Distributed systems people are suspicious of timers. Whenever we discuss an algorithm that requires two servers to measure the same duration, the first question is always, “Can we rely on timers?” I think the answer is “yes”, as long as you add a safety margin a little over 1/500th.

Table Of Contents

Example: Leader Leases Rely on Timers #

Leader-based consensus protocols like Raft try to elect one leader at a time, but it’s possible to have multiple leaders for a short period. (In theory, in a Raft group of 2f+1 servers, as many as f can be leaders at once!) In this situation, you risk violating read-your-writes:

  • A client updates some data on the current (highest-term) leader.
  • That leader majority-replicates the change and acknowledges it to the client.
  • The same client reads stale data from an old leader that hasn’t stepped down.

A Raft leader must always suspect that it’s been deposed, so it acts paranoid: for each query, it checks with a majority to confirm it’s still in charge (Raft paper §8). This guarantees read-your-writes at a high cost in communication latency.

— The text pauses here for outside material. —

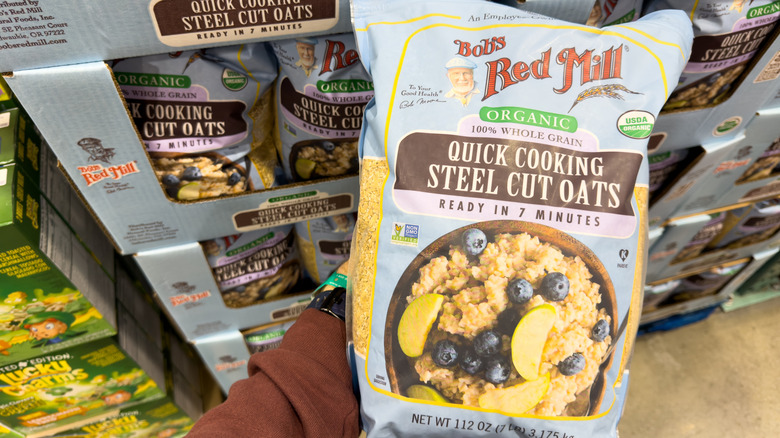 Customer holding a bag of Bob's Red Mill quick cooking steel cut oats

A leader lease guarantees a single leader, but it relies on timers. In Diego Ongaro’s thesis, he proposes a simple lease mechanism for Raft: The leader starts a timer at time t, and sends heartbeat messages to all its followers. Once a majority has responded, the leader knows they won’t vote for another leader until t + election timeout * ε, where ε is the maximum rate of clock drift. Here’s Figure 6.3 from Ongaro’s thesis:

At MongoDB we made a more sophisticated lease algorithm that improves availability. Stay tuned for our research paper. But just like Ongaro’s, our algorithm depends on timers.

Why We Distrust Timers #

In the classic asynchronous system model, servers have no clocks and delays are unbounded. FLP impossibility says that in this model, no consensus algorithm is guaranteed to make progress. I believe this means no protocol can both 1) always eventually elect one leader and 2) prevent multiple concurrent leaders. This is what makes Raft leaders paranoid.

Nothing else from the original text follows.